Ad assistere all’incontro di questa sorta di esercito disarmato, non c’era il presidente della Generaitat, Quim Torra, ma altre personalità hanno partecipato, come il Ministro del Territorio e della Sostenibilità, Damià Calvet, il Ministro dell’Agricultura, Teresa Jordà ed il sindaco di Girona, Marta Madrena. Assente dai campi da più di ottocento giorni, la serata è stata preparata nei minimi dettagli, con il presidente della Federazione Joan Soteras che ha spiegato come il calcio sarà un veicolo importante del procès indipendentista, un atto di rivendicazione simile ad altri in corso.

Un incontro politico e paradossale, con la selezione della comunità autonoma in campo in contemporanea con Italia, Brasile, Argentina e soprattutto con la Roja, impegnata a Malta per le qualificazioni all’Europeo 2020. Un guanto di sfida lanciato a Madrid, l’ennesimo dopo il referendum per l’indipendenza, le violenze avvenute da per mano della polizia nei seggi catalani e la seguente fuga del presidente e promotore indipendentista Puigdemont.

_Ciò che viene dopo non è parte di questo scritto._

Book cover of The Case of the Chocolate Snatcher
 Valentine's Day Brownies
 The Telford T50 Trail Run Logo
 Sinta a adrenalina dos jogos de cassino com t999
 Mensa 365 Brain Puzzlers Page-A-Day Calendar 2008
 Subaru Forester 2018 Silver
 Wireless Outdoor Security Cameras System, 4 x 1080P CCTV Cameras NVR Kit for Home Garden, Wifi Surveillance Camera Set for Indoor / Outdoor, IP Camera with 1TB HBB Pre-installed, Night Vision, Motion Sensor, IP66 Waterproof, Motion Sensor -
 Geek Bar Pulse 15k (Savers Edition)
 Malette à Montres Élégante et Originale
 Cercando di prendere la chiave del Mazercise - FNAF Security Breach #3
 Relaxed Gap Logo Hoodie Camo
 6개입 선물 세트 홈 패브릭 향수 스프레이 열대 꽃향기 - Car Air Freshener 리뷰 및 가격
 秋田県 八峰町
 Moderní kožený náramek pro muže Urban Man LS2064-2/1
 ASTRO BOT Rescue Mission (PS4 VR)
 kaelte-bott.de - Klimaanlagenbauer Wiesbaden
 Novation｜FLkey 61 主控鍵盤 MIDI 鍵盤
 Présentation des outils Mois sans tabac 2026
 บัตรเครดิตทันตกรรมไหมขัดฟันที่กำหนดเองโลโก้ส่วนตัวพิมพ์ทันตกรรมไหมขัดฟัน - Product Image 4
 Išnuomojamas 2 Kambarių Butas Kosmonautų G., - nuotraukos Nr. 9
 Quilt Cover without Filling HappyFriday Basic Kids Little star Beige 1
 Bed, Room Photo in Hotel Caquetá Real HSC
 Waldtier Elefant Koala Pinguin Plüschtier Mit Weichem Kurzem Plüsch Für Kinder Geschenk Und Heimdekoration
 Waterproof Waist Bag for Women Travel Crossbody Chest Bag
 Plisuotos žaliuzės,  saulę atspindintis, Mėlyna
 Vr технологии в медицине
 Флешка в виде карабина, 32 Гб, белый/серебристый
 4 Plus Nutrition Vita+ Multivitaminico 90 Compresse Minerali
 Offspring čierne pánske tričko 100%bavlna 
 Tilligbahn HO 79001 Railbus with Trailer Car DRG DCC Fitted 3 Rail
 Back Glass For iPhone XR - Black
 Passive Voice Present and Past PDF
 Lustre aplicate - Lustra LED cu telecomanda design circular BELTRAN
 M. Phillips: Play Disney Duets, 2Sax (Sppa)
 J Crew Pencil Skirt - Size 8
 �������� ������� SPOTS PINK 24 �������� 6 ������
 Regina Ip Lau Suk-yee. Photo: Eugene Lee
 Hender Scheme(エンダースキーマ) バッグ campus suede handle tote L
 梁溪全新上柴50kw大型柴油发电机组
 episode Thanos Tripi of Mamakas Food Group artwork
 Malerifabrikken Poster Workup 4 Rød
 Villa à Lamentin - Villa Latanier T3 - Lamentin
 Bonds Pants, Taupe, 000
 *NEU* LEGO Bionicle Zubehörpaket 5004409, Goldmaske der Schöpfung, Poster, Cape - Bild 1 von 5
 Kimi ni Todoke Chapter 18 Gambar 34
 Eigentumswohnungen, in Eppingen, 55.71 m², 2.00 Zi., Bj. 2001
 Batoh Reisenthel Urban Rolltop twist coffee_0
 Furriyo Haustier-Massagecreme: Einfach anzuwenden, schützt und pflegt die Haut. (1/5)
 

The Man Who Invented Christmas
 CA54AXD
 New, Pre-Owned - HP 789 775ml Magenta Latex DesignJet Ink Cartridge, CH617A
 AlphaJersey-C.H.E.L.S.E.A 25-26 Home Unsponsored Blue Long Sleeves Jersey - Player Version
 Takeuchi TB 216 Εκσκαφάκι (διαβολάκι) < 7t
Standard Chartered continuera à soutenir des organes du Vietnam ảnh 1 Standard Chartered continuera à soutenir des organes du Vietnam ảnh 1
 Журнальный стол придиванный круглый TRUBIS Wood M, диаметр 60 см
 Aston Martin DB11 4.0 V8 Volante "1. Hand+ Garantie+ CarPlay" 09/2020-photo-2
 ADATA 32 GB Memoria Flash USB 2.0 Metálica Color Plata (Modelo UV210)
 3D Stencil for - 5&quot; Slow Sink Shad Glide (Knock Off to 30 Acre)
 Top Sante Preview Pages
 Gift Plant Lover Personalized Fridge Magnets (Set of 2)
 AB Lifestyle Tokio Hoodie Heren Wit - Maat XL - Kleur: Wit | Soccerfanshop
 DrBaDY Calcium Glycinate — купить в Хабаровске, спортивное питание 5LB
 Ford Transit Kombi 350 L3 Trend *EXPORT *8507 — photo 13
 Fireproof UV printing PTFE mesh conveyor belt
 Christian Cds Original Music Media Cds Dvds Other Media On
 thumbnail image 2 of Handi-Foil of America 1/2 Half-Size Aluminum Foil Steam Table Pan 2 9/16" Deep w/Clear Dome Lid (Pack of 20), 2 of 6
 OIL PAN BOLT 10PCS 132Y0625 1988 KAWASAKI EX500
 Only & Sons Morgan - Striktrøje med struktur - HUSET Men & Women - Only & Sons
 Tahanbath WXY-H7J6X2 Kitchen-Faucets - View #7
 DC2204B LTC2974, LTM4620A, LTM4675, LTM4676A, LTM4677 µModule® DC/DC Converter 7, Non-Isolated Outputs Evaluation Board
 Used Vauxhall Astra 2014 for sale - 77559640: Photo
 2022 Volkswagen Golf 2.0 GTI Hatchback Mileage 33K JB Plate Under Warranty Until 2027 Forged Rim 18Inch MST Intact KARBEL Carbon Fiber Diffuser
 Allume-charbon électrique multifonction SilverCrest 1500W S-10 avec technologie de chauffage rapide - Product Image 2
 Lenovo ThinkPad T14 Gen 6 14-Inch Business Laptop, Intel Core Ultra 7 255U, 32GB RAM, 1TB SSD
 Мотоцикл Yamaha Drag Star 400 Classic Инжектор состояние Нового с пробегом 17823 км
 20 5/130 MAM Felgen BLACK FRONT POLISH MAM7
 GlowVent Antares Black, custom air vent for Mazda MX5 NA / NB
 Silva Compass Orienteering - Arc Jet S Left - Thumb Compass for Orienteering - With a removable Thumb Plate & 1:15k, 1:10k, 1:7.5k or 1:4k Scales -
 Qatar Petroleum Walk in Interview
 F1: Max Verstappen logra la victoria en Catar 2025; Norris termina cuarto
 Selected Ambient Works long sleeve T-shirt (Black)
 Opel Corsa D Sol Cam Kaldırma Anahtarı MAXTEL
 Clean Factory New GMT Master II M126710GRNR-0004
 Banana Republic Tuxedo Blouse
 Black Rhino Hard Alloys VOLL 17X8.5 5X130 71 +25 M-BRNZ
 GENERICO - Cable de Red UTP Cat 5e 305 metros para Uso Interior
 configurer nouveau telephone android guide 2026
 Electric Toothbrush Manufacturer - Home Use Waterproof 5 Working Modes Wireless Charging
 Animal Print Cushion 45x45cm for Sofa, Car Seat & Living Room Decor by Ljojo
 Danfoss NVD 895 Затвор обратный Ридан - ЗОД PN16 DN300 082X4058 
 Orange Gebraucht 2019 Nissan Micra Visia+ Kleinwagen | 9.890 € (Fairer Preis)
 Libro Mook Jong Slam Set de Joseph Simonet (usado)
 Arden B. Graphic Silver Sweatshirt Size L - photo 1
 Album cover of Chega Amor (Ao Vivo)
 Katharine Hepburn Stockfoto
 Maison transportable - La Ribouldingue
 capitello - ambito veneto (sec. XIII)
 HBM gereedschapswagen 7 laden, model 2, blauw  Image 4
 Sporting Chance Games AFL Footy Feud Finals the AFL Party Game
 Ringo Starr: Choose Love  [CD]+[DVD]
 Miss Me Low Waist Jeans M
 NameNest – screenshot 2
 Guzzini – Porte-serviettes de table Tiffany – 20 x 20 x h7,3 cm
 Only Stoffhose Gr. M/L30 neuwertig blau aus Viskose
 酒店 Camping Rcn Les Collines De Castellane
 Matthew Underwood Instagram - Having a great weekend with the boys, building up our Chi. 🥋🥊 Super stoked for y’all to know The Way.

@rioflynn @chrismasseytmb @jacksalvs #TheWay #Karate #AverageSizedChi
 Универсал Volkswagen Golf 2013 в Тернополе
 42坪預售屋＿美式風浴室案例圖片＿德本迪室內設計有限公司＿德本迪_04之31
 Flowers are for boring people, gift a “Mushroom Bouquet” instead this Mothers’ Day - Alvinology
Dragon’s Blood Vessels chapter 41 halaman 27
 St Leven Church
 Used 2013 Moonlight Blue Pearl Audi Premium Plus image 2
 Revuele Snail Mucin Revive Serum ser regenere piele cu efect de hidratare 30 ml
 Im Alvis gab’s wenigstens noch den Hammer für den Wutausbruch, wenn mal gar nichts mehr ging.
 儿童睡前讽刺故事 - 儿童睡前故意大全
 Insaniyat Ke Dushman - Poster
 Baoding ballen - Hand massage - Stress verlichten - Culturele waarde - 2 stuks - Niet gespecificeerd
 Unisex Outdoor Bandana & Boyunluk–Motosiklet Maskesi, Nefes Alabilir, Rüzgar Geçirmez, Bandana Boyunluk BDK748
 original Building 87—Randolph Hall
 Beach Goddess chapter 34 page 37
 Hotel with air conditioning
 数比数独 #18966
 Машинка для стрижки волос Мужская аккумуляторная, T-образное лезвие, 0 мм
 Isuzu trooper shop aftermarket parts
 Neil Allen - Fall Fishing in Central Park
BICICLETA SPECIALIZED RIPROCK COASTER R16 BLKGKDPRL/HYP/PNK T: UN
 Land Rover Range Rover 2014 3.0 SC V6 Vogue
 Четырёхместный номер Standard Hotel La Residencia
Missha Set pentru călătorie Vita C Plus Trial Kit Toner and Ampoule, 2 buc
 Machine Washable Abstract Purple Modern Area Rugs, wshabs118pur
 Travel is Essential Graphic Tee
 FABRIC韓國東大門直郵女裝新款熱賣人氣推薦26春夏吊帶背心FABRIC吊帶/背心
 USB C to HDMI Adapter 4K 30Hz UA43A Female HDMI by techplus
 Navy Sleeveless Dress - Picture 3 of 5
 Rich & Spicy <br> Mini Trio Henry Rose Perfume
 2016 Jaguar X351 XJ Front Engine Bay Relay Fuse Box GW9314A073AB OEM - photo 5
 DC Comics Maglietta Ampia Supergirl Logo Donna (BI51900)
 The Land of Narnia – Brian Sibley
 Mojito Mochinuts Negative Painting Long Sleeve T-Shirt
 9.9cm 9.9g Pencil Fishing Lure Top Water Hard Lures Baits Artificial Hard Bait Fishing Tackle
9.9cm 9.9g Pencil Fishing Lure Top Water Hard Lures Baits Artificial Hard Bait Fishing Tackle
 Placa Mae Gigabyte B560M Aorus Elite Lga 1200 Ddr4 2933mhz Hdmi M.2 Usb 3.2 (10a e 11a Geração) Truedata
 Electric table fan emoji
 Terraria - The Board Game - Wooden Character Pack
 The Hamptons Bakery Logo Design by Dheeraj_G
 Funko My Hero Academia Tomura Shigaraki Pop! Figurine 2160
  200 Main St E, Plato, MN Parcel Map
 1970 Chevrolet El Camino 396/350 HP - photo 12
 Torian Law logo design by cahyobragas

La selezione catalana legalmente non rappresenta una nazione vera e propria, in quanto non riconosciuta dalla comunità internazionale, né dalla FIFA, ma ha tutto il diritto di disputare amichevoli, non diversamente dalla rappresentativa basca o la “nostra” Nazionale Sarda. Certo l’attuale situazione catalana ha richiamato l’attenzione da tutto il mondo. La Selecciò non scendeva in campo da due anni, proprio dai tempi del referendum, culminato con la dichiarazione unilaterale d’indipendenza, il successivo scioglimento del parlamento e le nuove elezioni del dicembre 2017. Un passo simbolico per una Federazione che ambisce al riconoscimento ufficiale.

La Nazionale catalana, nata nel 1904 dalle prime selezioni miste di atleti di Barcellona ed Espanyol, ha giocato nella propria storia più di duecento partite, alcune in piena Guerra Civile, per finanziare i repubblicani, altre in scenari eccezionali, unendo alcuni dei giocatori più forti della storia come Kubala, Di Stéfano, Crujiff, ma è diventata un vero e proprio simbolo solo a partire dal 1997, sull’onda della Nazionale dei Paesi Baschi, decidendo di connotare maggiormente la propria selezione con giocatori esclusivamente catalani. Da allora numerosi avversari si sono prestati ad amichevoli rituali, perlopiù sotto il periodo natalizio, come Argentina, Brasile, Francia.

Il referendum aveva visto scendere in campo molti protagonisti dello sport, su tutti il “Català de Catalunya”, l’attuale allenatore del Manchester City e storico capitano e tecnico del Barça, Pep Guardiola, ma anche Gerard Piqué, che dopo l’addio ufficiale alle Furie Rosse ha deciso di indossare la maglia giallorossa della Senyera. Proprio il difensore ha vissuto più di un malinteso nel corso della sua carriera con la Roja, fino ai fischi e alle ingiurie sul campo di allenamento.  Tuttavia, non tutti i giocatori catalani hanno potuto rispondere alla convocazione: parecchi club spagnoli non hanno lasciato partire i propri giocatori, su tutti Xavi, leggendario regista del Barça, cui l’Al Saad, il suo attuale club in Qatar ha negato il benestare, e Cesc Fabregas, attualmente in forza ai francesi del Monaco.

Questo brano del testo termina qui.